### WHAT IS EXPECTED
Could you write out the data that follows, exactly and in full?

### Short descriptive text snippets
────────────────────────────────────────

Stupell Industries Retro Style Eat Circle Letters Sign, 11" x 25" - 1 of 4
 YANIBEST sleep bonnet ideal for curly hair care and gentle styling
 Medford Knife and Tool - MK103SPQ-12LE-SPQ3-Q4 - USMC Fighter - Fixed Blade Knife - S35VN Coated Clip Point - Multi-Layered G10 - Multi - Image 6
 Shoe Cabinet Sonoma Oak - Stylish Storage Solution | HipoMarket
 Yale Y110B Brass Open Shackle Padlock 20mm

────────────────────────────────────────

### TASK ANSWER
Stupell Industries Retro Style Eat Circle Letters Sign, 11" x 25" - 1 of 4
 YANIBEST sleep bonnet ideal for curly hair care and gentle styling
 Medford Knife and Tool - MK103SPQ-12LE-SPQ3-Q4 - USMC Fighter - Fixed Blade Knife - S35VN Coated Clip Point - Multi-Layered G10 - Multi - Image 6
 Shoe Cabinet Sonoma Oak - Stylish Storage Solution | HipoMarket
 Yale Y110B Brass Open Shackle Padlock 20mm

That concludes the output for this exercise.